Tuesday morning, the Associated Press’s Twitter account was hacked, and the twitter twits responsible tweeted (or in non-tech savvy parlance, reported) an explosion at the White House injured President Obama. In the next three minutes, broad US markets dropped roughly 1% before quickly recovering to previous levels (then finishing the day nicely positive). Blame was widely directed at algorithmic and high frequency trading (HFT) using “tweets” (including the aforementioned hacked tweet) to execute trades, a lack of human control to recognize fake tweets/information and a dearth of regulations to prevent such volatility.
For many folks, this dredged up memories of 2010’s “flash crash,” when broad US markets shed about 8% in three minutes before recovering to finish the day down only 3%. Then too, blame was heaped on the advent of high frequency trading and the need for more regulation to eliminate intense volatility from super-fast trades. But countless Congressional hearings, regulatory meetings and changes later, Tuesday’s “tweet retreat” still happened. Why? And what can long-term, goal-oriented investors take away from this?

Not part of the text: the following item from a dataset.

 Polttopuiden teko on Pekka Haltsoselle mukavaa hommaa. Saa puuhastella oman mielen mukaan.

First, regulation has, so far, proven not to be a very effective solution—if there is in fact a problem. As we pointed out a year after the flash crash, we’re all for effective regulation that ensures greater transparency. But market circuit breakers, single stock circuit breakers, curb-ins, etc., installed after 2010 still failed to prevent Tuesday’s tweet retreat. Perhaps there’s just no regulatory solution to mitigate away all market volatility.

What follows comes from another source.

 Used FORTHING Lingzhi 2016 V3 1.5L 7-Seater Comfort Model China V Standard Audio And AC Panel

Should we instead just shun newer technology? Probably not. Since the days of trading near the bottom of the buttonwood tree, markets have adapted to and utilized technology. Markets adapted to the telegraph, the telephone, the Internet, and they will, over time, adapt to Twitter and whatever comes next too. New technology can be disruptive—for awhile. But the net benefit of increased transparency and speedier price discovery results in narrower bid-ask spreads and ultimately benefits all investors.

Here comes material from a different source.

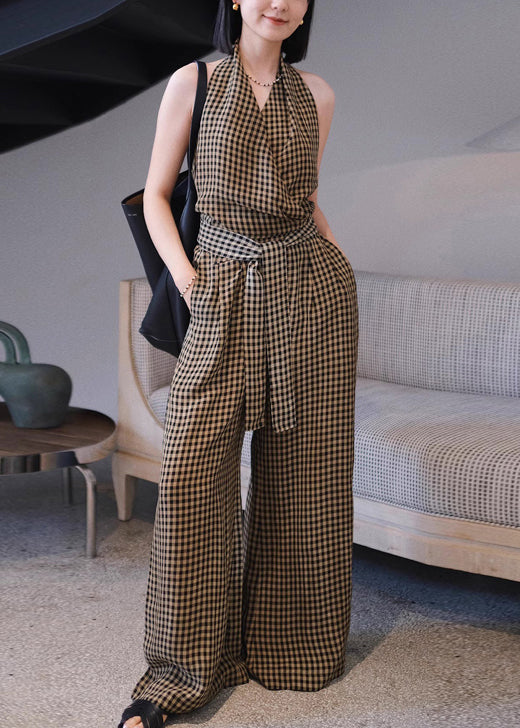 Sophisticated Pants with a Clean Classic Look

But, let’s be clear, a 1% move one way or another in the market in a relatively short period of time is not unprecedented. In fact, such volatility is quite regular—regardless of the culprit. Volatility in the short term has always and forever been a part of dealing with markets. But volatility is just as often good as it is bad. In the shorter term, while the negative, downward volatility is uncomfortable and elicits the reactions we saw Tuesday, our brains far too easily to gloss over the greater frequency of positive volatility moving markets up over the long term—myopic loss aversion at work. To illustrate the importance of thinking long term, one need only look at what the market has done since 2010’s flash crash. (See Exhibit 1.) Hindsight shows the flash crash (and myriad other short-term negative volatility) was a non-event for disciplined, long-term investors.
Exhibit 1: S&P 500 Total Return
Source: Thomson Reuters, reflects S&P 500 Total Returns.
So, could another “flash crash” happen? Sure. But the effects are over and done too quickly. If you’re working with long-term capital, trying to predict and avoid it seems an effort in futility.